An increase in Antarctic snow accumulation that began 10,000 years ago is currently adding enough ice to the continent to outweigh the increased losses from its thinning glaciers, a new NASA study finds.
This research challenges the conclusions of other studies, including the Intergovernmental Panel on Climate Change’s (IPCC) 2013 report, which says that Antarctica is overall losing land ice.
According to the new analysis of satellite data, the Antarctic ice sheet showed a net gain of 112 billion tons of ice a year from 1992 to 2001. That net gain slowed to 82 billion tons of ice per year between 2003 and 2008.
Scientists calculate how much the ice sheet is growing or shrinking from the changes in surface height that are measured by the satellite altimeters. In locations where the amount of new snowfall accumulating on an ice sheet is not equal to the ice flow downward and outward to the ocean, the surface height changes and the ice-sheet mass grows or shrinks.

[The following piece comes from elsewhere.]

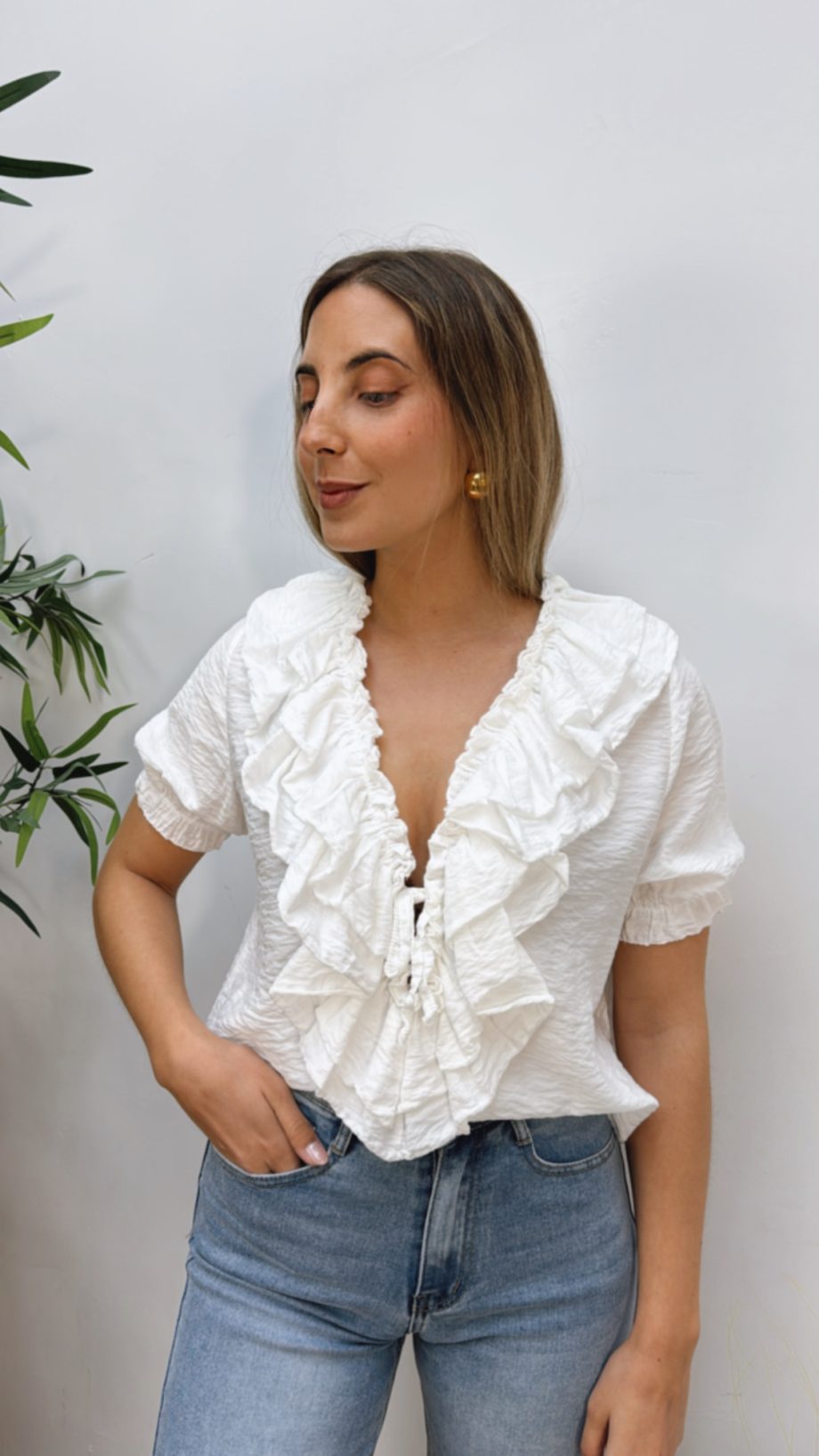 Blusa Doble Volante Blanca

Jay Zwally, a glaciologist with NASA Goddard Space Flight Center in Greenbelt, Maryland, and lead author of the study, said:
“We’re essentially in agreement with other studies that show an increase in ice discharge in the Antarctic Peninsula and the Thwaites and Pine Island region of West Antarctica. Our main disagreement is for East Antarctica and the interior of West Antarctica – there, we see an ice gain that exceeds the losses in the other areas.”
Zwally added that his team measured small height changes over large areas, as well as the large changes observed over smaller areas.

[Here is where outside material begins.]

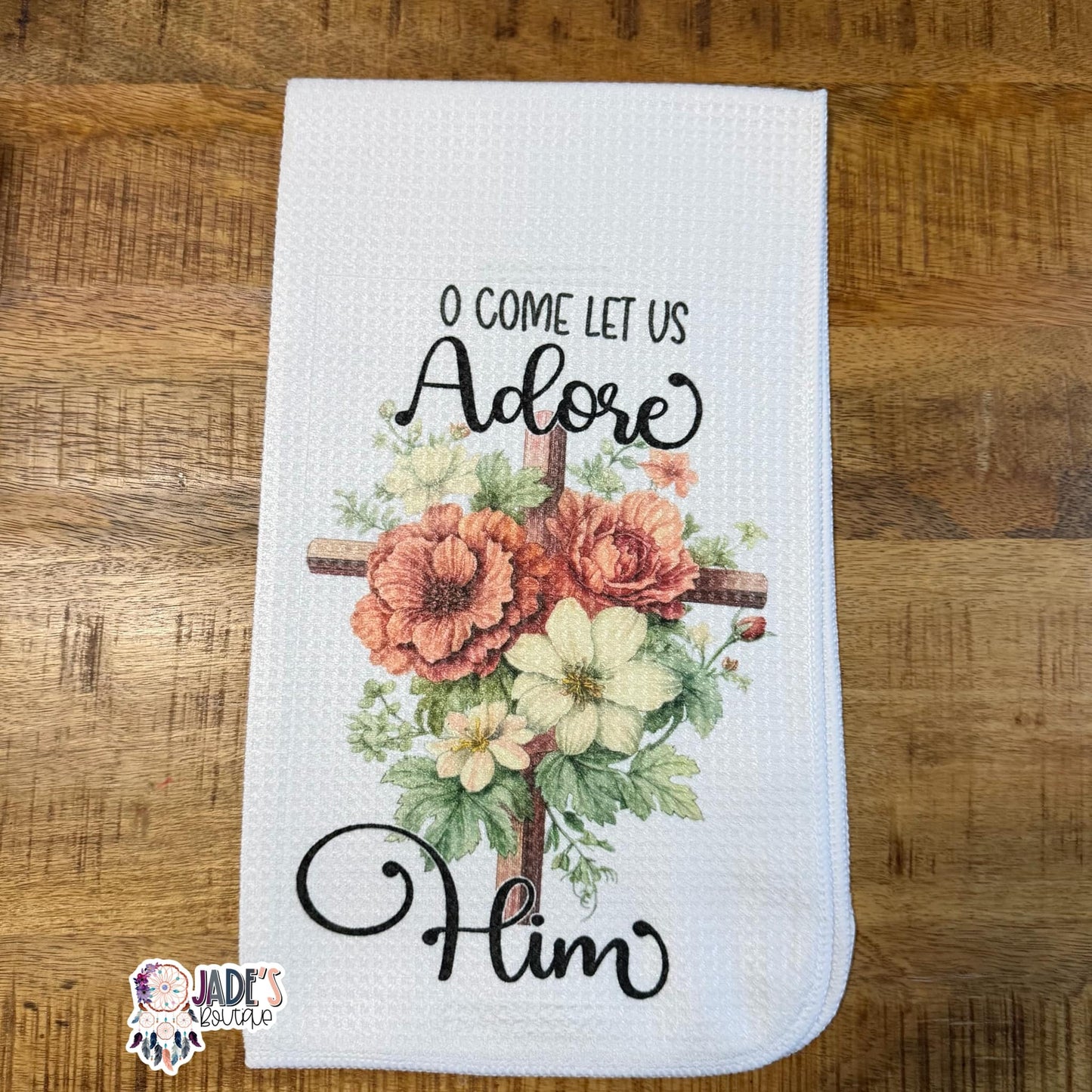 O Come Let Us Adore Him Cross Tea Towel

But it might only take a few decades for Antarctica’s growth to reverse, according to Zwally.
“If the losses of the Antarctic Peninsula and parts of West Antarctica continue to increase at the same rate they’ve been increasing for the last two decades, the losses will catch up with the long-term gain in East Antarctica in 20 or 30 years—I don’t think there will be enough snowfall increase to offset these losses.”

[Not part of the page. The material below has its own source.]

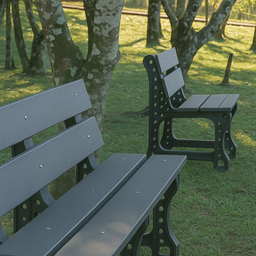 Banco de Jardim Madeira Plástica 0,60 M:cinza Escuro/kit Zincado Branco - 4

Map showing the rates of mass changes from ICESat 2003-2008 over Antarctica. Sums are for all of Antarctica: East Antarctica (EA, 2-17); interior West Antarctica (WA2, 1, 18, 19, and 23); coastal West Antarctica (WA1, 20-21); and the Antarctic Peninsula (24-27). A gigaton (Gt) corresponds to a billion metric tons, or 1.1 billion U.S. tons. Credit: Jay Zwally/ Journal of Glaciology
The study analyzed changes in the surface height of the Antarctic ice sheet measured by radar altimeters on two European Space Agency European Remote Sensing (ERS) satellites, spanning from 1992 to 2001, and by the laser altimeter on NASA’s Ice, Cloud, and land Elevation Satellite (ICESat) from 2003 to 2008.
“At the end of the last Ice Age, the air became warmer and carried more moisture across the continent, doubling the amount of snow dropped on the ice sheet,” Zwally said.
The extra snowfall that began 10,000 years ago has been slowly accumulating on the ice sheet and compacting into solid ice over millennia, thickening the ice in East Antarctica and the interior of West Antarctica by an average of 0.7 inches (1.7 centimeters) per year.
This small thickening, sustained over thousands of years and spread over the vast expanse of these sectors of Antarctica, corresponds to a very large gain of ice – enough to outweigh the losses from fast-flowing glaciers in other parts of the continent and reduce global sea level rise.
“The good news is that Antarctica is not currently contributing to sea level rise, but is taking 0.23 millimeters per year away,” Zwally said. “But this is also bad news. If the 0.27 millimeters per year of sea level rise attributed to Antarctica in the IPCC report is not really coming from Antarctica, there must be some other contribution to sea level rise that is not accounted for.”